The French Revolution was obviously a subject of fascination for Hamilton Finlay, and that manifested itself in installations as well as screen prints and concrete poetry, two of which are now displayed on the top balcony of the Gallery, reaffirming his familiar theme of liberty emerging at great cost to individuals and society, and not necessarily the true and full realisation of that idealistic vision. His other sculptural work tends to focus on his resurrection and modernisation of Neo-Classicism, or rather his merging of the two, as one and the same. Using a variety of materials, such as stone, constructed objects and neon lighting, he explored the natural environment of his youth, and the way it could accommodate his own ideals about design and beauty.

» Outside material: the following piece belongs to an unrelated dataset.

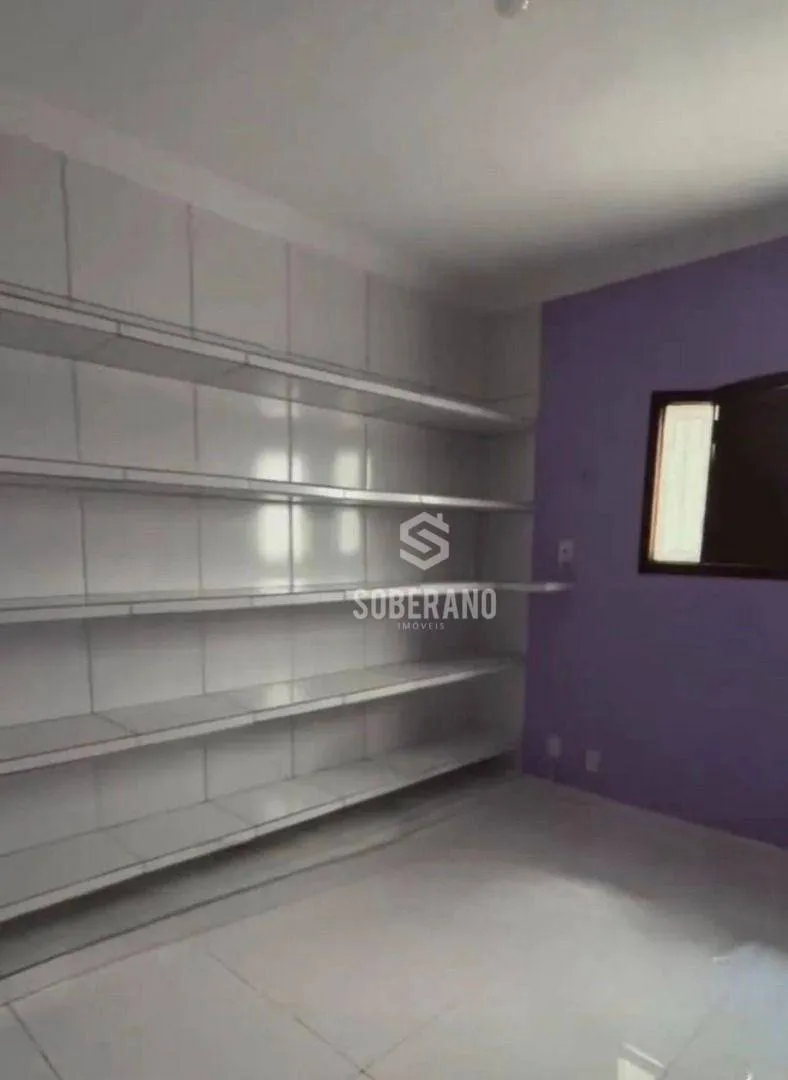 Casa para alugar com 3 quartos e 240 m² — photo 12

His garden, Little Sparta, is the most famous manifestation of this vision, reviving the concept of the “poet’s garden”, designing the space of the hillside country near Edinburgh to include sundials, columns and garden temples. It is touching to see that the artist, who was apparently so disillusioned with revolution and politics in the mainstream sense, and the way that reality did not match the ideals, went on to find that he could realise his own vision of beauty and harmony in a garden of his own design. If we can learn anything from Hamilton Finlay’s legacy, it is that art can realise visions of harmony and peace, where politics perhaps cannot. The persistence with the social and political as well as the natural ultimately deepens the impact of his body of work, and the quiet beauty of his style and idealism. The Glasgow show, though modest, achieves a well-rounded and perceptive retrospective of his art, clarifying, with careful attention to his various interests and media, the connections to be made between his observance and relationship with society and the natural environment. Though he so often referenced the past, Hamilton Finlay’s work proves ever more relevant and universal in its ideas and observations.